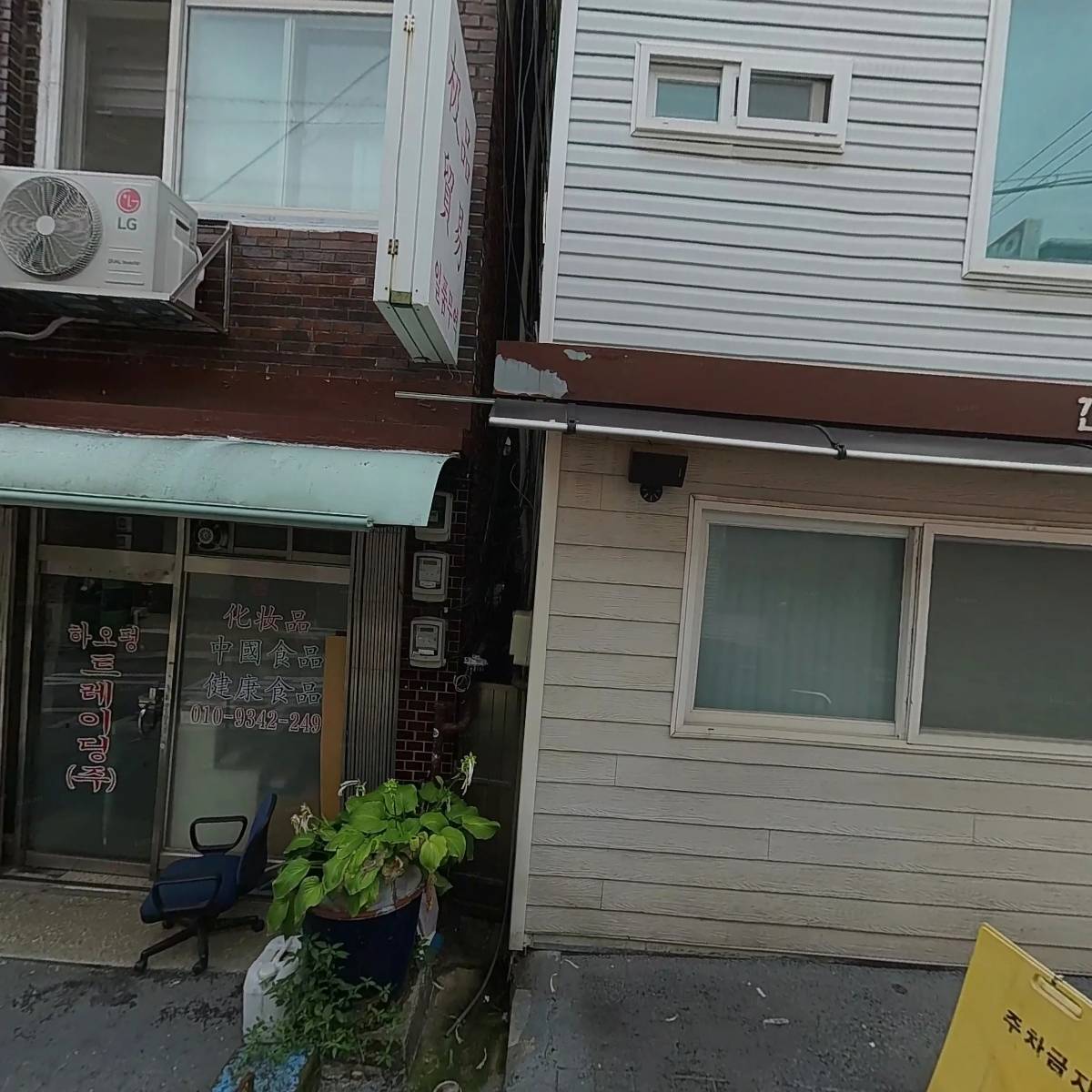 하오펑트레이딩 주식회사_3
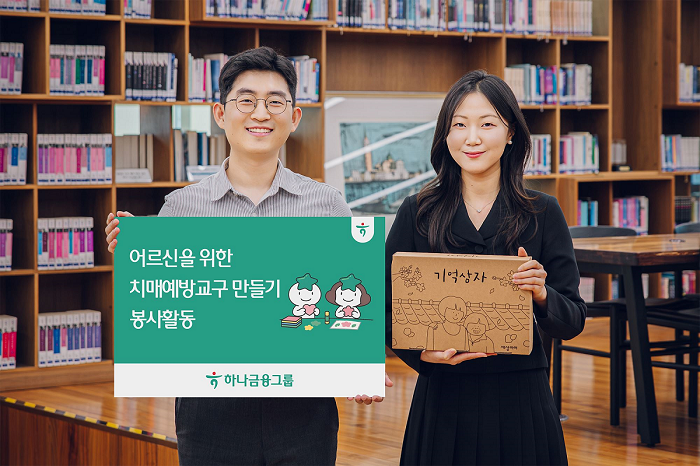 회원사소식_20261007_하나금융그룹.png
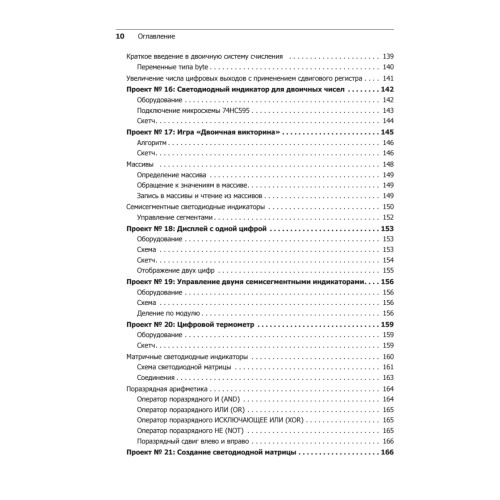 Изучаем Arduino. 65 проектов своими руками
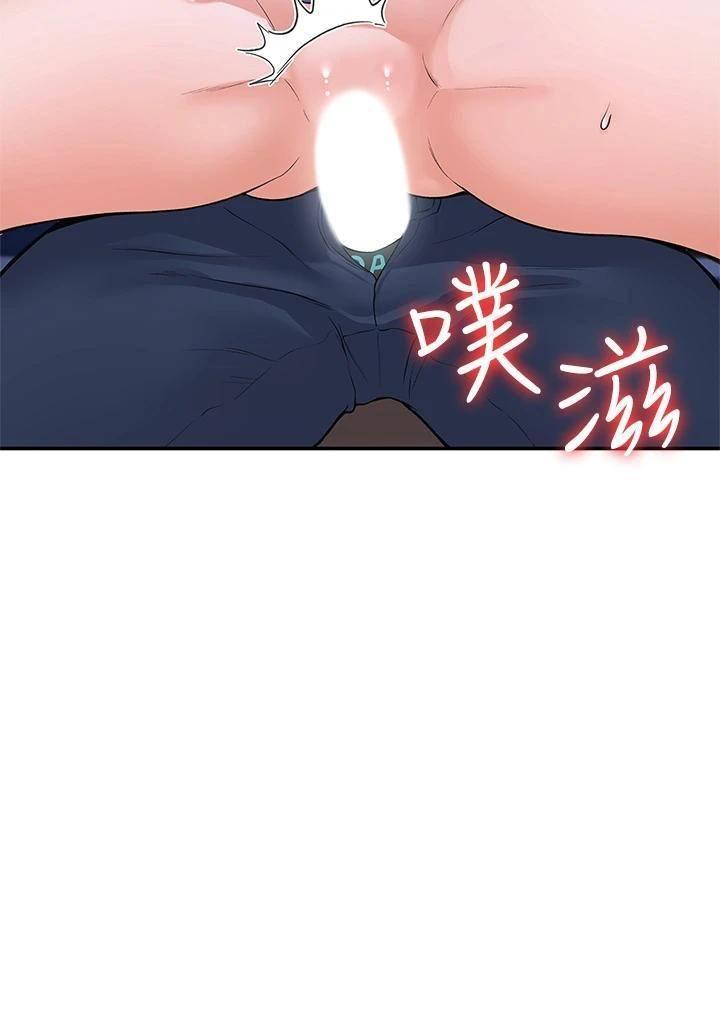 Doujin-Lc- อ่าน โดจิน มังฮวา เกาหลี ญี่ปุ่น จีน แปลไทย Campus Today ตอนที่ 1 2 3 4 5 6 7 8 9 10 11 12 13 14 ฟรี ไม่มีโฆษณา อ่าน โดจิน Manhwa เกาหลี ญี่ปุ่น จีน เรามีครบ คัดมาให้เน้นๆ โดจิน 18+ รับประกันความฟินโดย  Doujin Lc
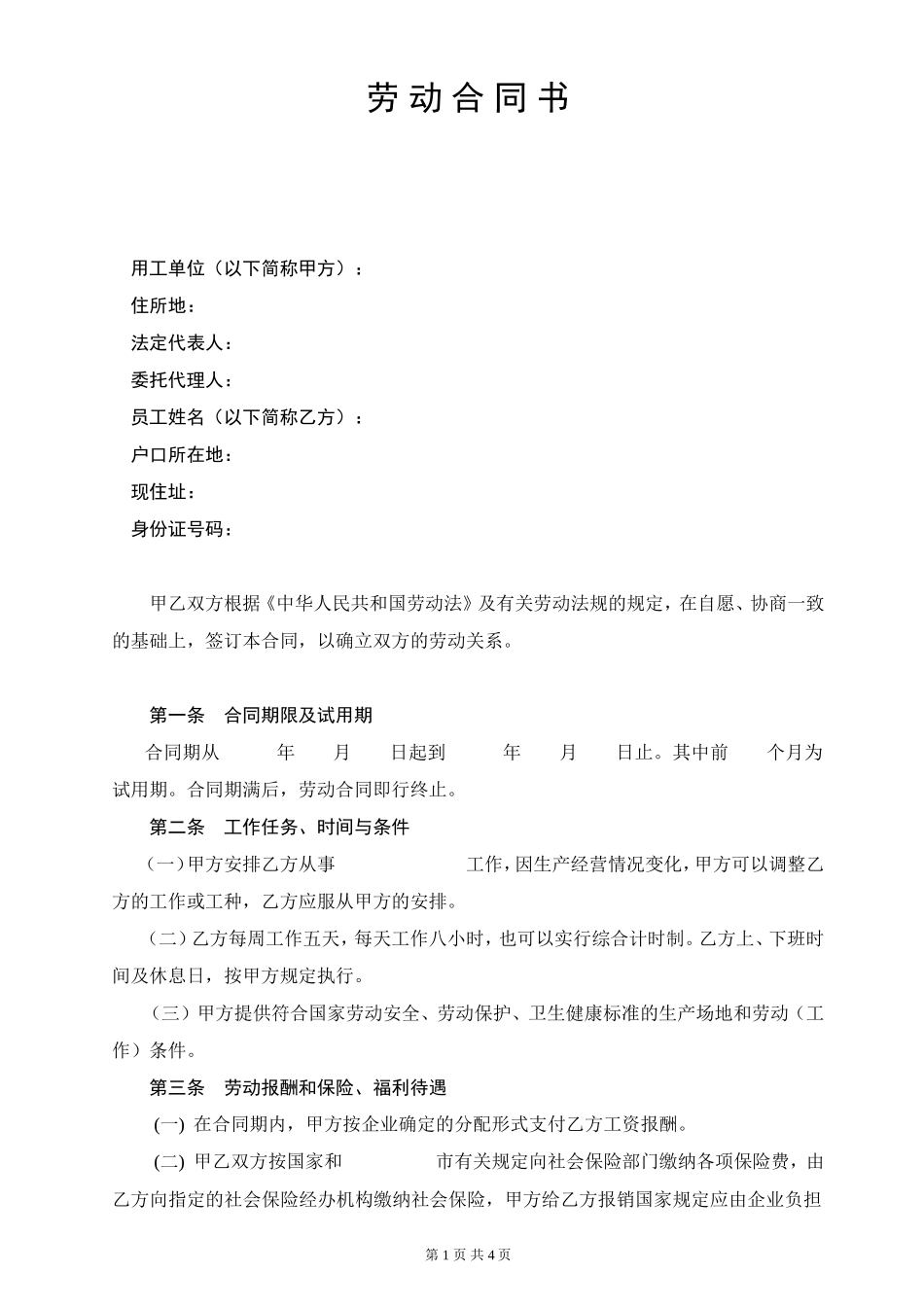劳动合同书(02.2.20修改)_第1页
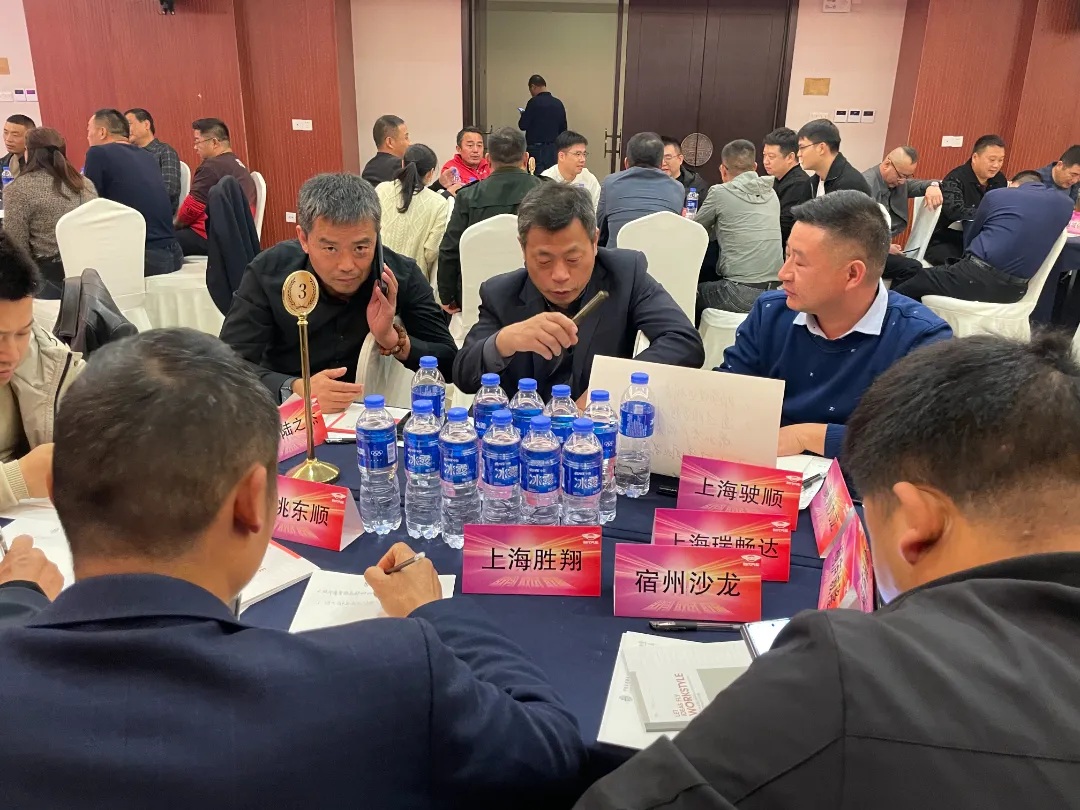 1712058432926287.png 图片55.png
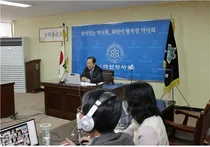 대한약사회, '약사면허관리원' 출범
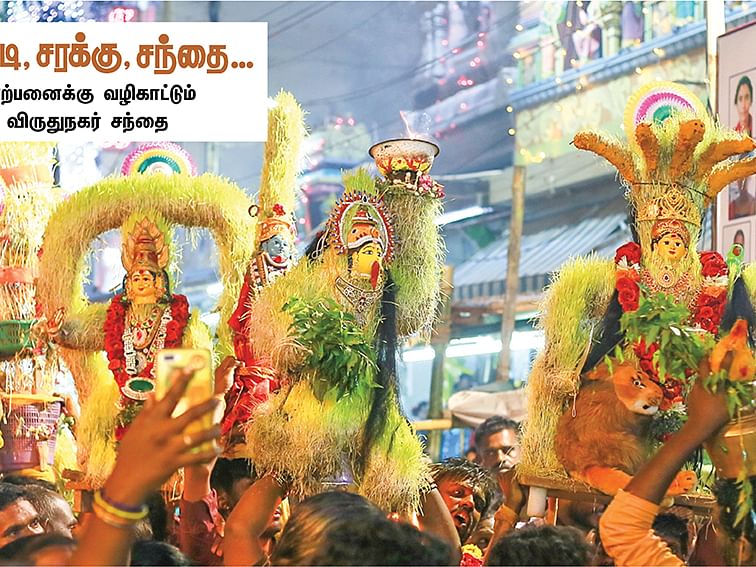 விலை இருந்தும்...
விளைச்சல் இல்லை!நவதானியத்தின் விற்பனை
மையமான விருதுநகர்!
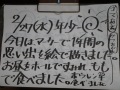 R0019584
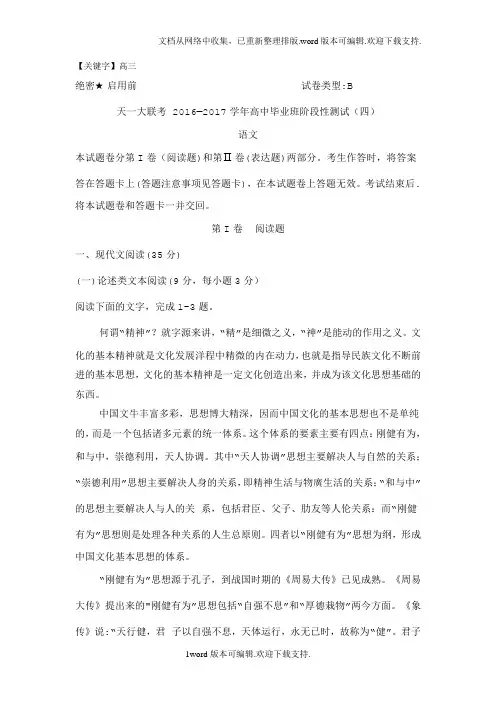 【高三】河南省2017届高三阶段性测试四B卷语文Word版含解析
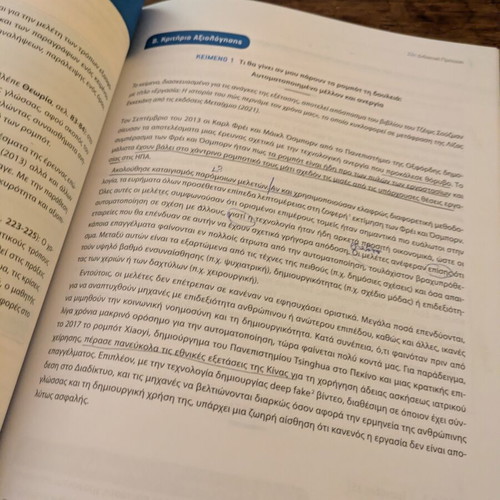 Nea Ellinika B Lykeiou Textbook like new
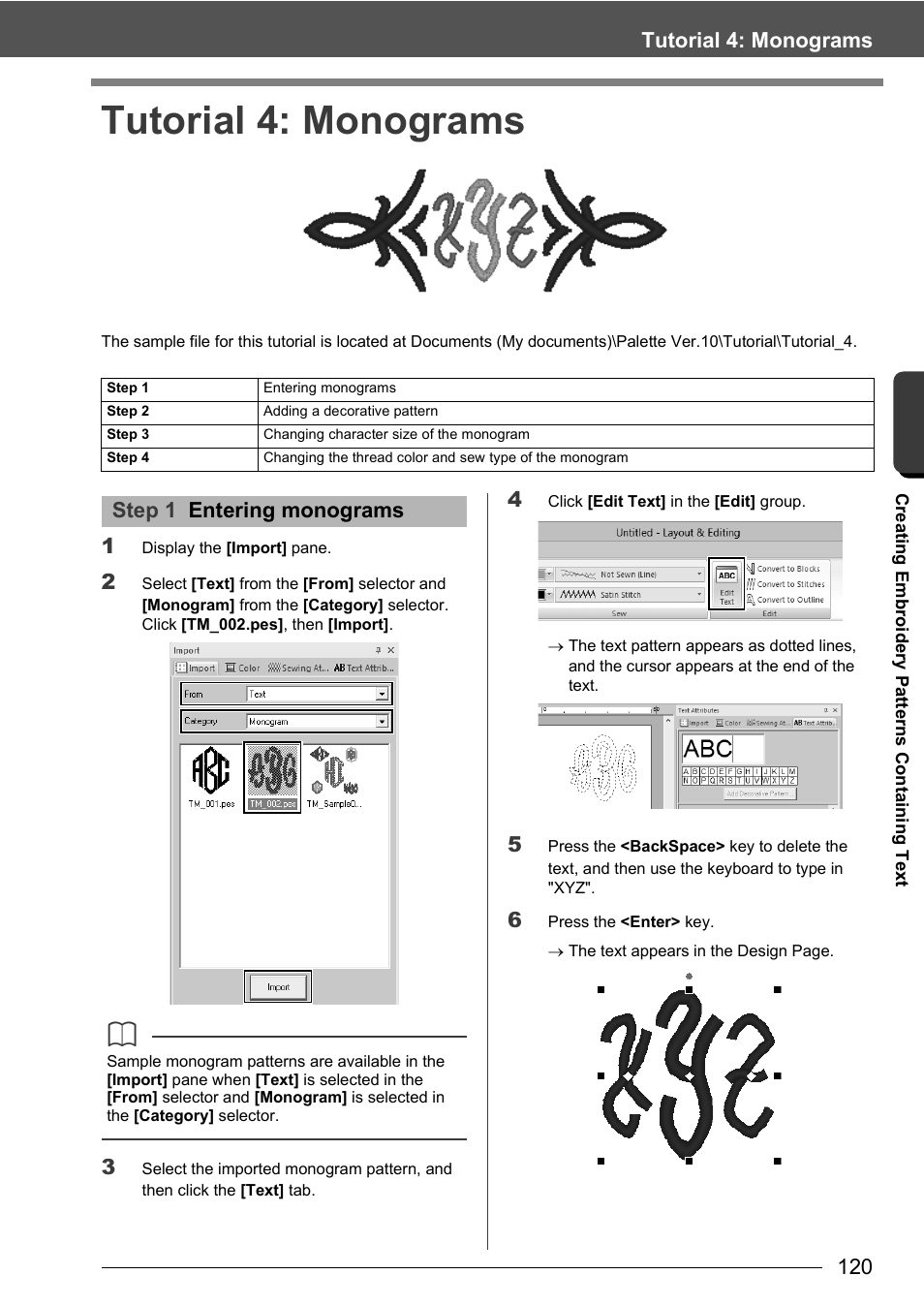 Tutorial 4: monograms, Step 1 entering monograms | Baby Lock Palette 10 (ECS10) Instruction Manual User Manual | Page 121 / 356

= WORK REQUIRED =
Take the lines from the one containing "Изучаем Arduino. 65 проектов своими руками" through the last line of the listing and repeat them exactly. Omit the pictures.

= EXERCISE OUTPUT =
 Изучаем Arduino. 65 проектов своими руками
 Doujin-Lc- อ่าน โดจิน มังฮวา เกาหลี ญี่ปุ่น จีน แปลไทย Campus Today ตอนที่ 1 2 3 4 5 6 7 8 9 10 11 12 13 14 ฟรี ไม่มีโฆษณา อ่าน โดจิน Manhwa เกาหลี ญี่ปุ่น จีน เรามีครบ คัดมาให้เน้นๆ โดจิน 18+ รับประกันความฟินโดย  Doujin Lc
劳动合同书(02.2.20修改)_第1页
 1712058432926287.png 图片55.png
 대한약사회, '약사면허관리원' 출범
 விலை இருந்தும்...
விளைச்சல் இல்லை!நவதானியத்தின் விற்பனை
மையமான விருதுநகர்!
 R0019584
 【高三】河南省2017届高三阶段性测试四B卷语文Word版含解析
 Nea Ellinika B Lykeiou Textbook like new
 Tutorial 4: monograms, Step 1 entering monograms | Baby Lock Palette 10 (ECS10) Instruction Manual User Manual | Page 121 / 356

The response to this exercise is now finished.